Yes first start with connecting your powerline ethernet that worked during BETA. I believe once the ethernet port detects a cable it disconnects the DECA from the equation.

I am disappointed they didn't try a new HR unit. Or did they? Why not try a different HR24 to see if that worked. Weird.


----------



## veryoldschool (Dec 10, 2006)

Sounds like the HR24 has had the internal DECA disabled. Has this ever had an ethernet cable connected?


> Can I *reconnect* the ethernet to it?


Try rerunning the SAT setup. This reactivates the internal DECA.
Do this only after there is no ethernet cable connected and keep ethernet away from the HR24, if you want to use DECA.

If you go back to all ethernet, since you're still on a SWiM, there is no need for the BBCs.


----------



## NR4P (Jan 16, 2007)

B-Band converters are not used on SWM set ups. When you were set up with HD last week, did they have BBC's attached?

Or when they came out today, change the setup to SWM?

Essentially, any DECA setup requires SWM-LNB's or SWM8 or SWM16 setups. So BBC's are not used. Do not put them back.
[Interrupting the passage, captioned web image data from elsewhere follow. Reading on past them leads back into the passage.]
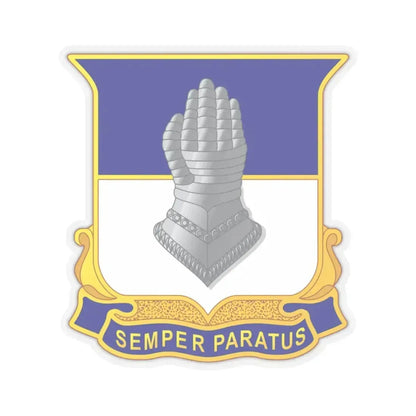 320 Cavalry Regiment (U.S. Army) STICKER Vinyl Kiss-Cut Decal 4 Inch Transparent - The Sticker Space
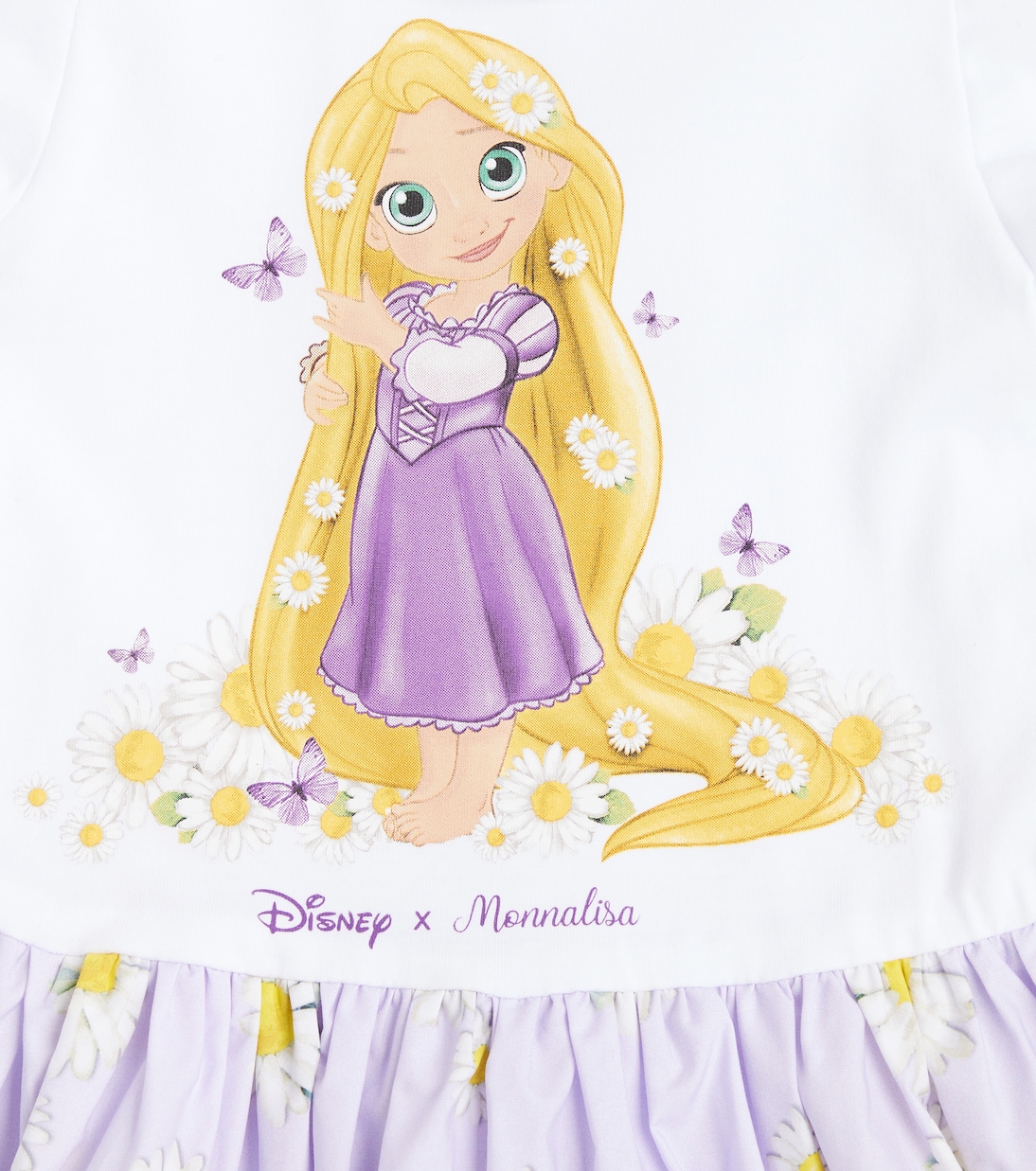Baby - Abito in misto cotone con stampa | Monnalisa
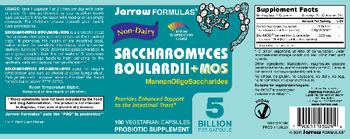 Jarrow Formulas Saccharomyces Boulardii+MOS - probiotic supplement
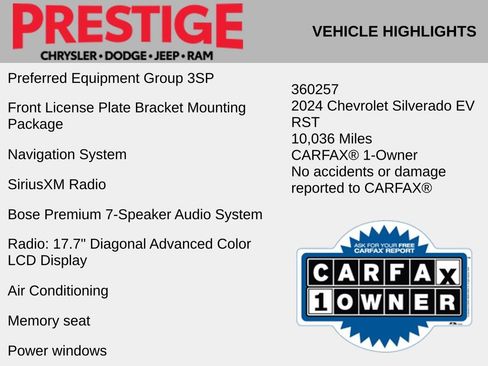 Used 2024 Chevrolet Silverado EV RST AWD/4WD image 2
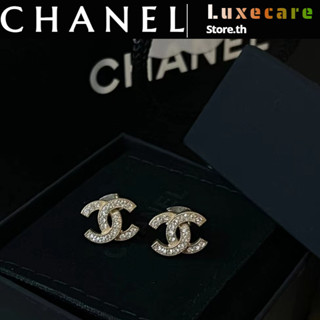 ชาแนล💎CHANEL logo earrings Chanel/Double C Earrings ชาแนล/ต่างหู/แฟชั่น/คลาสสิก/หรูหรา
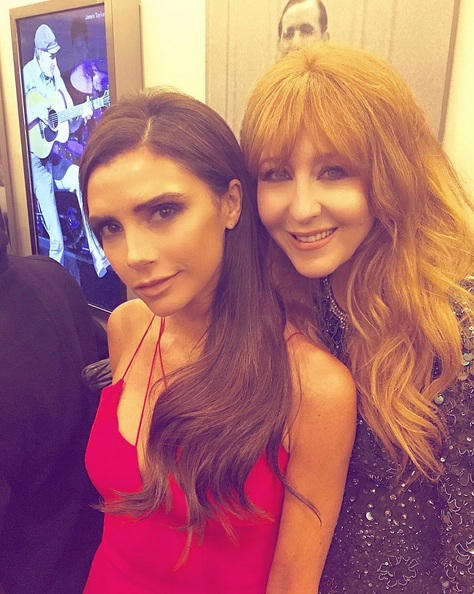 夏洛特緹布瑞 Charlotte Tilbury 和 維多利亞貝克漢Victoria Beckham 的合照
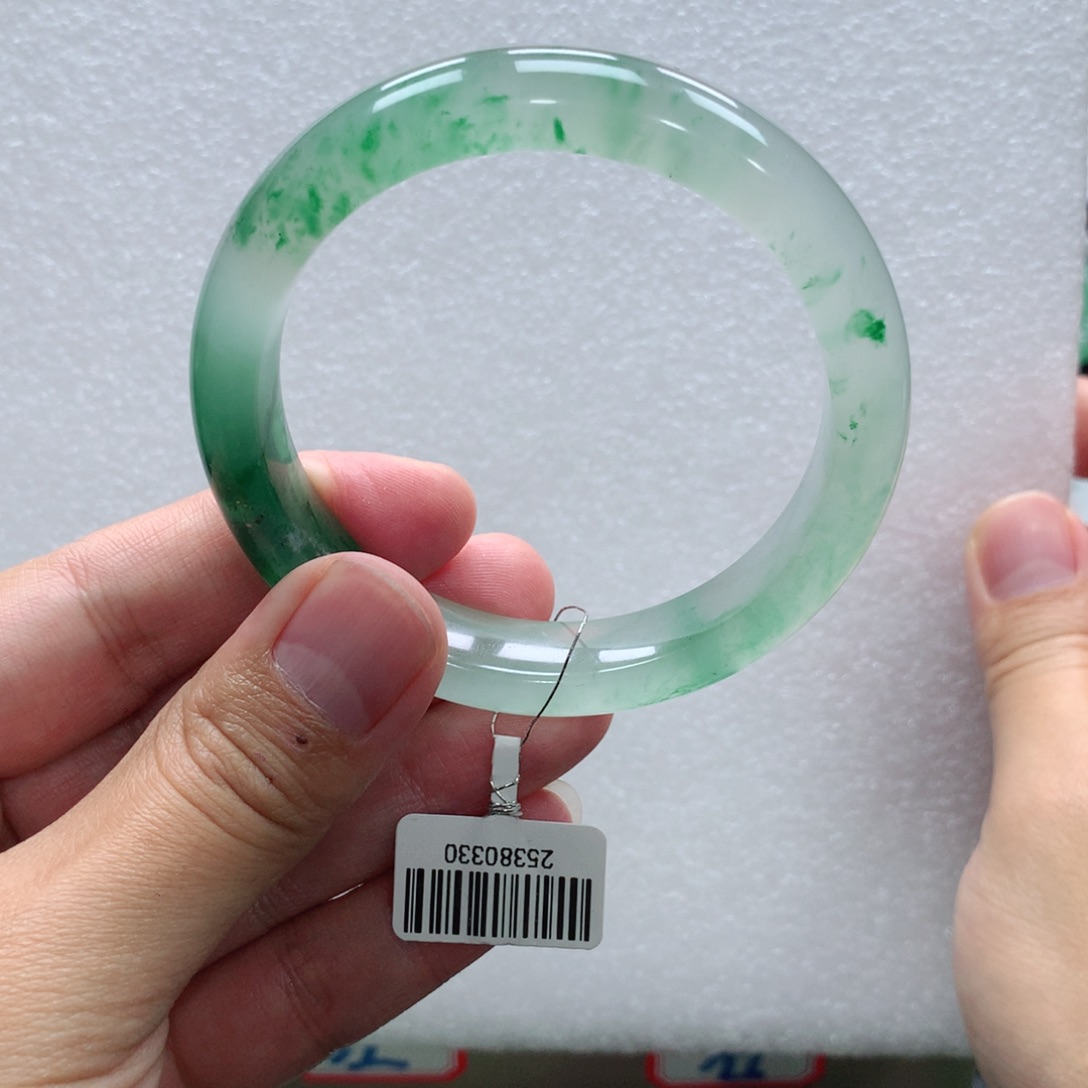 紫***梦石英质玉未镶嵌手镯青青59-紫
If all else fails, you could do is connect ethernet via Powerline converters to the HR24 as well as to your router, reboot the HR24 and see if you then get a network connection.


----------



## veryoldschool (Dec 10, 2006)

webby_s said:


> Yes first start with connecting your powerline ethernet that worked during BETA. I believe once the ethernet port detects a cable it disconnects the DECA from the equation.
> 
> I am disappointed they didn't try a new HR unit. Or did they? Why not try a different HR24 to see if that worked. Weird.





NR4P said:


> B-Band converters are not used on SWM set ups. When you were set up with HD last week, did they have BBC's attached?
> 
> Or when they came out today, change the setup to SWM?
> 
> ...


let's not send him "backwards", but instead work the DECA issue and get the internal DECA activated.


----------



## webby_s (Jan 11, 2008)

Ya maybe do what VOS suggests but as was suggested by NR4p, do a reboot if you go ethernet.


----------



## dwcolvin (Oct 4, 2007)

_"Can I reconnect the ethernet..."_ says the HR24 expects Ethernet and has disabled DECA.

Do as VOS says and redo Satellite Setup to reenable DECA.


----------



## PSMizzou (Jun 13, 2010)

They told me they had no extra receivers on hand. Sounded strange, but it was near the end of the day and maybe they had already given them all out.


----------



## NR4P (Jan 16, 2007)

veryoldschool said:


> let's not send him "backwards", but instead work the DECA issue and get the internal DECA activated.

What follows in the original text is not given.